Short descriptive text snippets
-------------------------

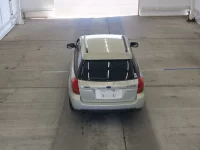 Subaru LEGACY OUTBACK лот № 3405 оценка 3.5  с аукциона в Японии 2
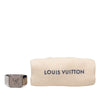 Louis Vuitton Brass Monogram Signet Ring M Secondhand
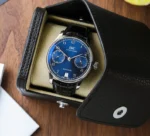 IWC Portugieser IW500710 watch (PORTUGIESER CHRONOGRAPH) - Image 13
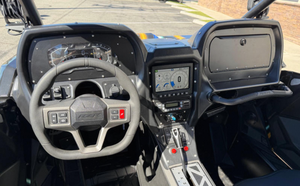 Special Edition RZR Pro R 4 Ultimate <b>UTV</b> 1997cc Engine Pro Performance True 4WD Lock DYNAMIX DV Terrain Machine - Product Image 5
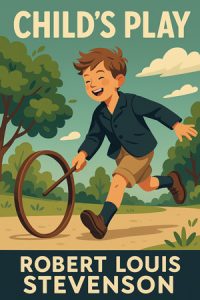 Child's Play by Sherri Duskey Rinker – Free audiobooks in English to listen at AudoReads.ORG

-------------------------

**ABOUT THIS TASK**
Beginning with the line that contains "Special Edition RZR", print exactly every line through the end of the records, both included. Omit the pictures.

**ANSWER FOR THE TASK**
 Special Edition RZR Pro R 4 Ultimate <b>UTV</b> 1997cc Engine Pro Performance True 4WD Lock DYNAMIX DV Terrain Machine - Product Image 5
 Child's Play by Sherri Duskey Rinker – Free audiobooks in English to listen at AudoReads.ORG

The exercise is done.